Universiteit Maastricht

Universiteit Maastricht

Persbericht

10 september 2004

Instrument voor verbetering diagnostisch aanvraaggedrag van huisartsen

Betere opvolging van richtlijnen en kostenbesparing met Diagnostisch Toets Overleg

Drs. Wim Verstappen, huisarts te Weert, promoveert vrijdag 17 september aan de Universiteit Maastricht op zijn onderzoek naar het diagnostisch aanvraaggedrag van huisartsen. In zijn proefschrift toont hij aan dat het Diagnostisch Toets Overleg (DTO) een effectief instrument is om aanvullende diagnostiekaanvragen door huisartsen meer volgens de richtlijnen te laten verlopen. Het instrument is niet zozeer gericht op afname van het absolute aantal aanvragen, maar vooral om de kwaliteit van het diagnostisch handelen te verbeteren, aldus Verstappen. De promovendus berekende in zijn promotie-onderzoek dat het DTO ook kostenbesparend werkt.

Het NHG (Nederlands Huisartsen Genootschap) ontwikkelt richtlijnen o.a. voor aanvullende diagnostiekaanvragen (laboratorium-, beeldvormend en functie-onderzoek) door huisartsen. Hoewel deze richtlijnen steeds vaker gevolgd worden is er vaak sprake van overdiagnostiek (meer testaanvragen dan de richtlijnen voorschrijven). In sommige gevallen, met name bij chronische aandoeningen zoals diabetes, wordt echter te weinig aanvullende diagnostiek aangevraagd.

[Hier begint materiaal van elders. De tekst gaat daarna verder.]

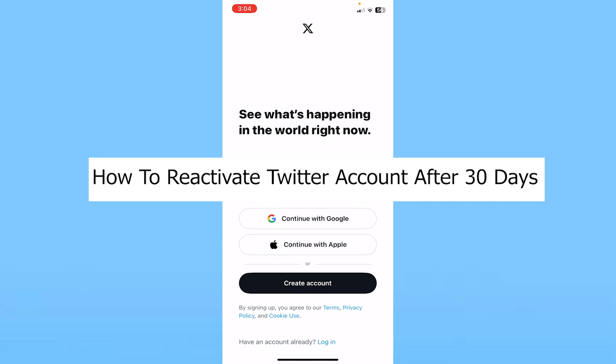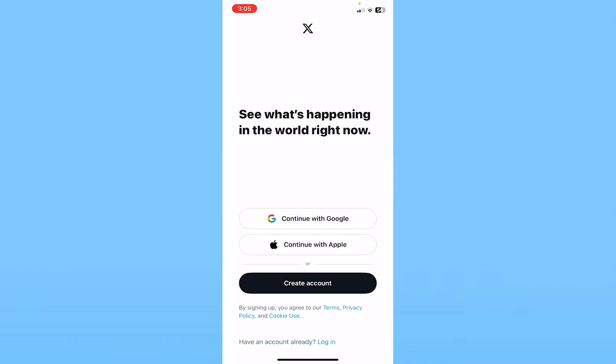Today I'll teach you guys how you can reactivate your Twitter account even after 30 days. There's a feature in Twitter where if you don't reactivate it in 30 days it's going to be permanently deleted. But that's not true, because I'm going to show you how to reactivate it even after 30 days. It's pretty simple.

Tussen huisartspraktijken blijken sterk verschillen te bestaan in diagnostisch aanvraaggedrag. In zijn proefschrift verklaart Verstappen die verschillen op basis van een determinantenanalyse. Gegevens uit vijf diagnostische centra werden verzameld en op basis daarvan vond de promovendus drie belangrijke verklaringen voor de geconstateerde 'interdoktervariatie'. Huisartsen die zelf betrokken zijn bij het opstellen van de richtlijnen, huisartsen die deel uitmaken van een groepspraktijk en huisartsen die het 'probleemgeoriënteerd aanvraagformulier' (langer dan een jaar) gebruikenvragen minder aanvullende testen aan dan hun collega's. Er waren onverklaarbare verschillen in het aanvraaggedrag tussen huisartsen uit verschillende regio's: in de ene regio vroegen huisartsen gemiddeld bijna drie keer zo veel aan dan de huisartsen in een andere regio.

Het Diagnostisch Toets Overleg vertoont overeenkomsten met het Farmaco­thera­peutisch Overleg (FTO), dat bij huisartsen al langer gebruikelijk is en waarin het voorschrijfgedrag onderling wordt besproken en afgestemd. Het DTO vindt evenals het FTO plaats in reeds bestaande samenwerkings­verbanden, de zogeheten HAGRO's. HAGRO's (huisartsengroepen) zijn opgericht voor gezamenlijke nascholing en waarneming van diensten. Een belangrijk verschil met het FTO is het feit dat het DTO een duidelijke structuur kent. Het DTO is opgebouwd uit drie onderdelen. Ten eerste ontvangen alle huisartsen feedbackrapporten, waarin het eigen aanvraaggedrag wordt vergeleken met de overige HAGRO-leden en met alle huisartsen in de regio. Tevens worden de richtlijnen onder de DTO-deelnemers verspreid. De derde stap bestaat uit de daadwerkelijke intercollegiale toetsing: periodieke bijeenkomsten waarin de HAGRO-leden de feedbackrapporten met elkaar bespreken, discussiëren over de richtlijnen en voornemens formuleren ter verbetering van het eigen aanvraag­gedrag.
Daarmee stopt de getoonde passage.